Next we visit the magnificent Court Library, commissioned from Fischer von Erlach by Charles VI. Here we admire the Prunksaal (Ceremonial Hall) where we shall see Daniel Gran’s fresco, Apotheosis of Charles VI, as well as an exhibition of some of the library’s priceless collection of manuscripts.
Our investigation of the Habsburg monarchs continues with a visit to their crypt in the Capuchin Church, located in the nearby Neuer Markt. After 1633, most of the Habsburg monarchs and their families were buried here. Many of the tombs are beautiful works of art and are among the finest funerary monuments in Europe. We shall take particular note of Balthasar Moll’s grand tomb for Maria Theresia and her husband, Franz Stephan of Lorraine, completed in 1753.
In the afternoon, we visit the Hofburg Schatzkammer (treasury) to view the superb collection of Habsburg treasures. This unique store of regalia, jewellery, precious garments and portraits charts the progress of the Imperium from the tenth to the 19th century. The various items in the treasury functioned as visible symbols of the Habsburg rulers’ legitimacy and power. The objects reflect the way in which ritualistic finery and precious works of earlier imperial dynasties were accumulated by the Habsburgs in order to provide a visual manifestation of their status and position. Here you will see such treasures as the Imperial Crown (German, 10th century), the Imperial Cross (German, 10th century), the coronation robes of the Norman kings of Sicily (Sicily, 12th century), the regalia of Rudolf II (Prague, 1602), the Burgundian Chain of the Golden Fleece (Burgundy, 1429) and much more.
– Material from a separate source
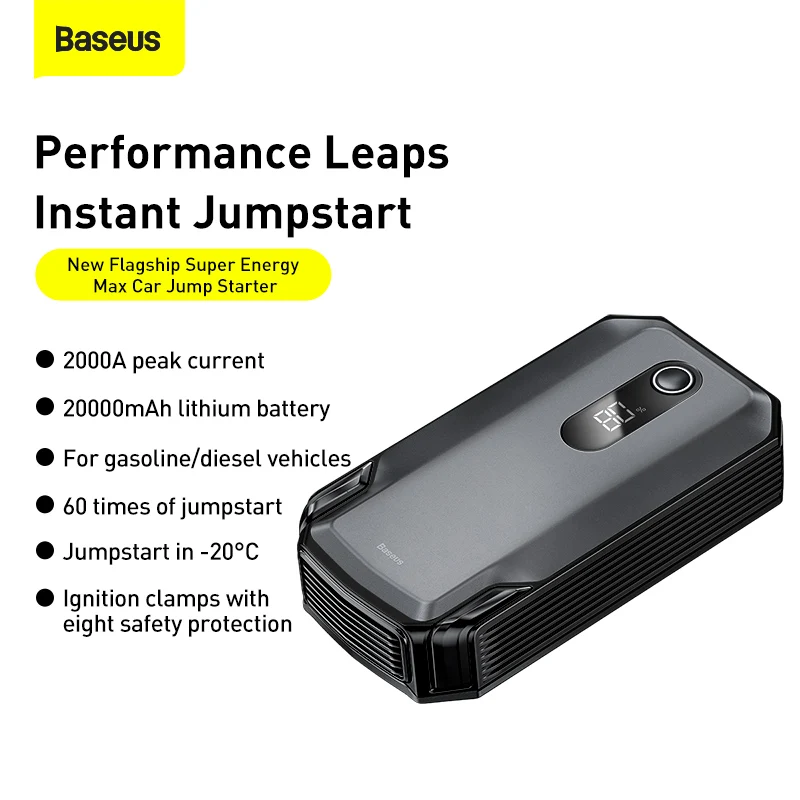 $74.99 Baseus 20000mAh Jump Starter Power Bank 2000A 12V Portable Car Battery Starter Emergency AUTO Booster Starting Device Jump Start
Tonight we will plan to attend a musical performance (details to be confirmed later in 2020). (Overnight Vienna) B
Day 10: Sunday 12 September, Vienna – Performance #2
- Kunsthistorisches Museum
- Afternoon at leisure
- Evening performance (details to be confirmed)
We shall spend the morning in the Kunsthistorisches Museum, which is one of the great art galleries in the world. The Habsburgs were great collectors of art and, drawing on the cultural riches of their extensive empire, were able to amass a huge collection of works from Bohemia, the German territories, the Low Countries, Italy and Spain. We shall examine a selection of the paintings, not only from the point of view of style but also as visual ‘historical documents’; illustrating the manner in which the Habsburg dynasty grew into one of the greatest ruling families in Europe. The afternoon is at leisure.
For those who enjoy sacred music, the Augustinian Church at the Hofburg has a splendid Choral Mass on Sundays at 11:00am. It is best to be seated by 10:20am as this mass is extremely popular. The ceremony lasts for about one hour. After an early lunch, the rest of the day may be spent at the Kunsthistorisches Museum.
Tonight we will plan to attend a performance at the Musikverein (details to be confirmed). (Overnight Vienna) B
Day 11: Monday 13 September, Vienna – Dürnstein – Melk – Krems – Vienna
- Valley of the Danube & Dürnstein
- Monastery of Melk
- Walking tour of Krems
Today we leave Vienna by coach for an excursion to the beautiful valley of the Danube. Geologically, the valley is formed from the granite of the Waldviertel in the outlying foothills of the Bohemian massif. En route, we shall stop for a coffee break at Dürnstein, a charming town that is dominated by the ruins of a castle in which, purportedly, Duke Leopold of Austria imprisoned Richard the Lionheart in the 12th century.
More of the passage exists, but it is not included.